**What needs to be done:** Your output should repeat the entries below exactly. It should contain no images.

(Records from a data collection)
━━━━━━━━

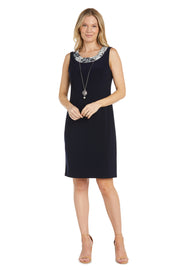 Laced Jacket Dress With Feather Contrast Print - Petite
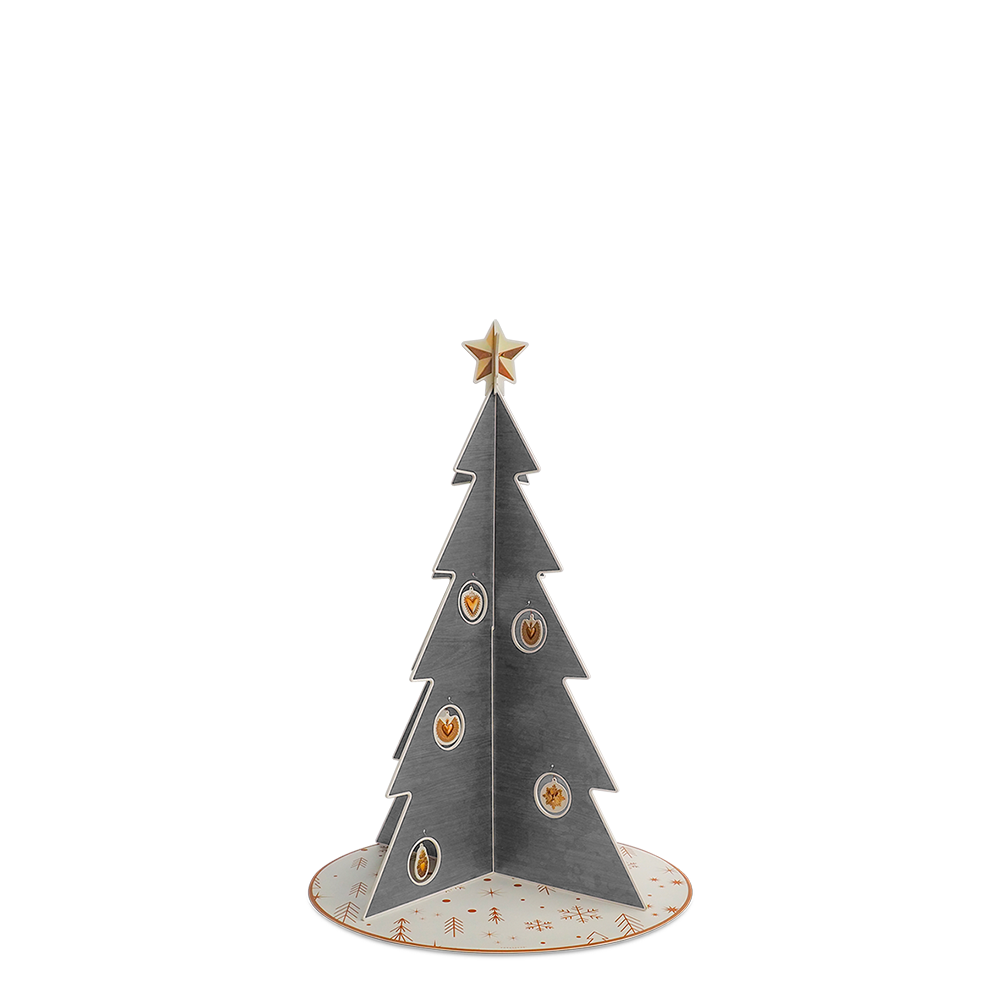 Sapin de Noël PVC Wood Gris M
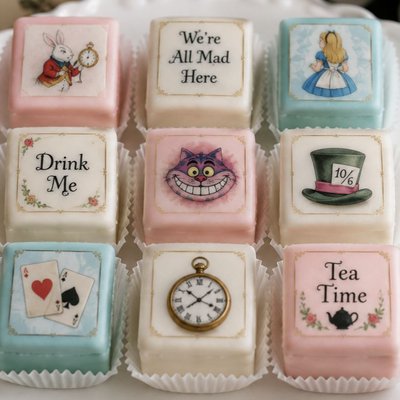 Alice Theme Petit Fours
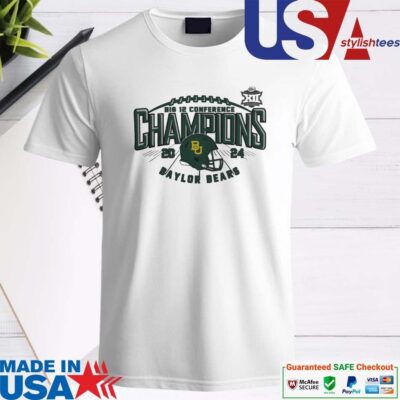 Official Baylor Bears 2024 Big 12 Conference Football Champions Shirt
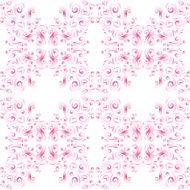 Seamless vintage background with hearts N2
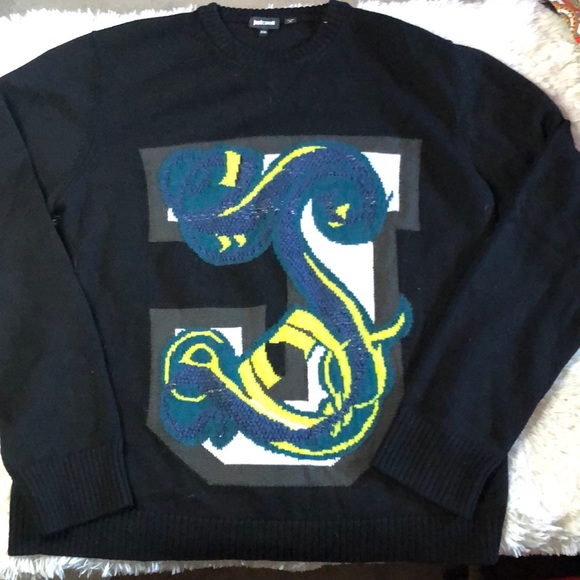 Just Cavalli letter J crew neck sweater - Picture 1 of 6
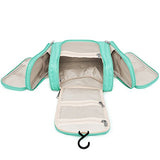 Heavy Duty Waterproof Hanging Toiletry Bag - Travel Cosmetic Makeup Bag for Women & Shaving Kit
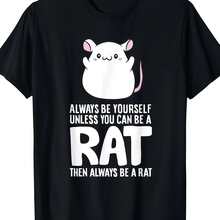 Cotton Printed T-Shirts-Gifts For Family And Friends-Suitable For Gym And Daily Wear, Machine Washable Gift For Boyfriend, Round Neck T-Shirt For All Seasons, Moisture Absorption And Sweat Wicking, Casual Daily Style, Large T-Shirt For Ladies, Women Plus Size Outdoors In Summer - 黑色 - 查看 1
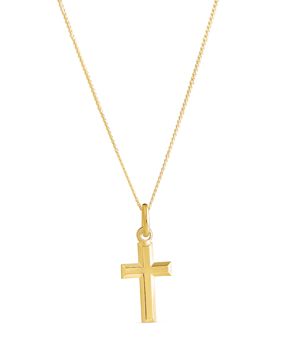 Top Gold silver kors guldpläterad 5256721500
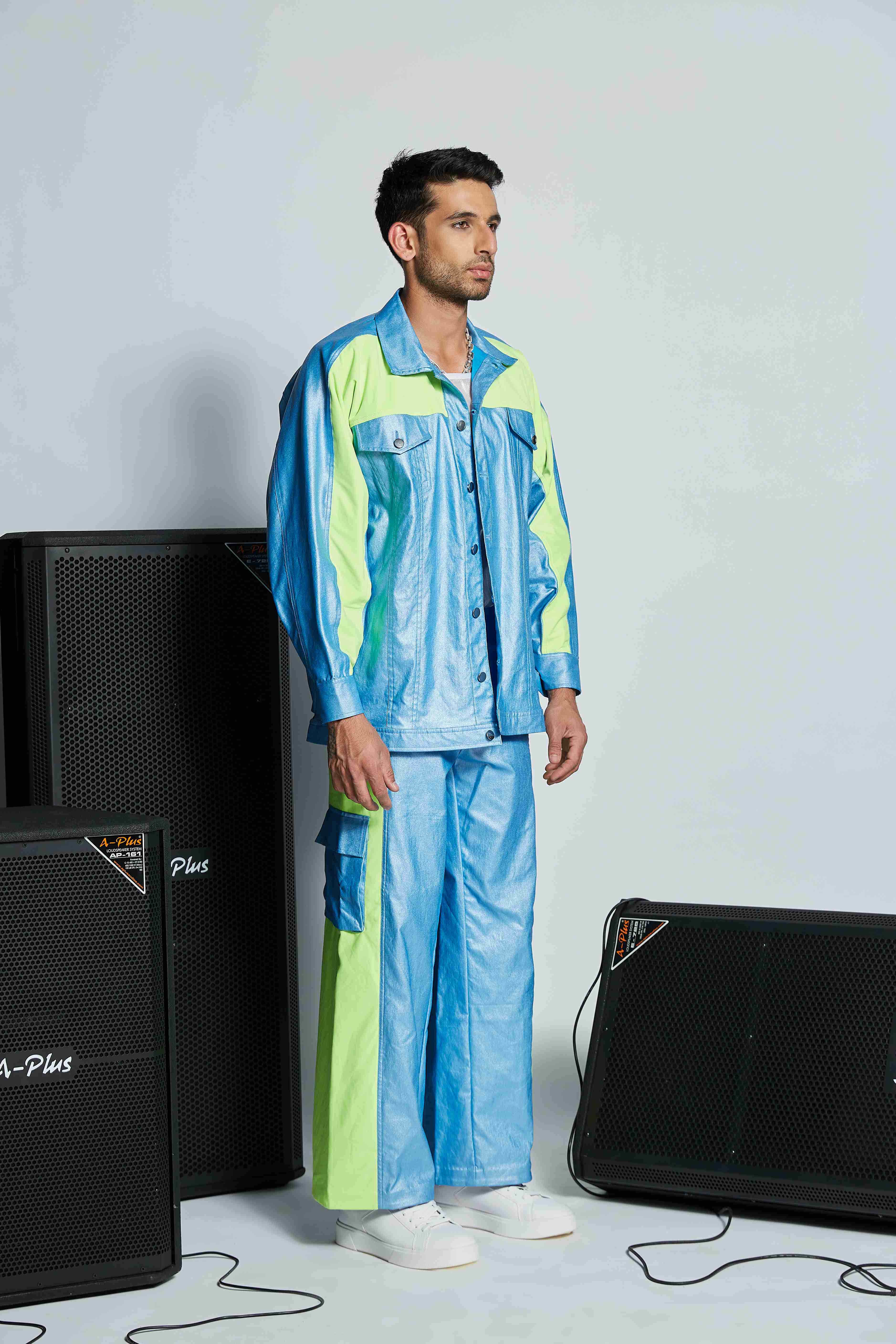 'Daddy Cool' Color Blocking Jacket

━━━━━━━━

**Answer to this problem:**
 Laced Jacket Dress With Feather Contrast Print - Petite
 Sapin de Noël PVC Wood Gris M
 Alice Theme Petit Fours
 Official Baylor Bears 2024 Big 12 Conference Football Champions Shirt
 Seamless vintage background with hearts N2
 Just Cavalli letter J crew neck sweater - Picture 1 of 6
 Heavy Duty Waterproof Hanging Toiletry Bag - Travel Cosmetic Makeup Bag for Women & Shaving Kit
 Cotton Printed T-Shirts-Gifts For Family And Friends-Suitable For Gym And Daily Wear, Machine Washable Gift For Boyfriend, Round Neck T-Shirt For All Seasons, Moisture Absorption And Sweat Wicking, Casual Daily Style, Large T-Shirt For Ladies, Women Plus Size Outdoors In Summer - 黑色 - 查看 1
 Top Gold silver kors guldpläterad 5256721500
 'Daddy Cool' Color Blocking Jacket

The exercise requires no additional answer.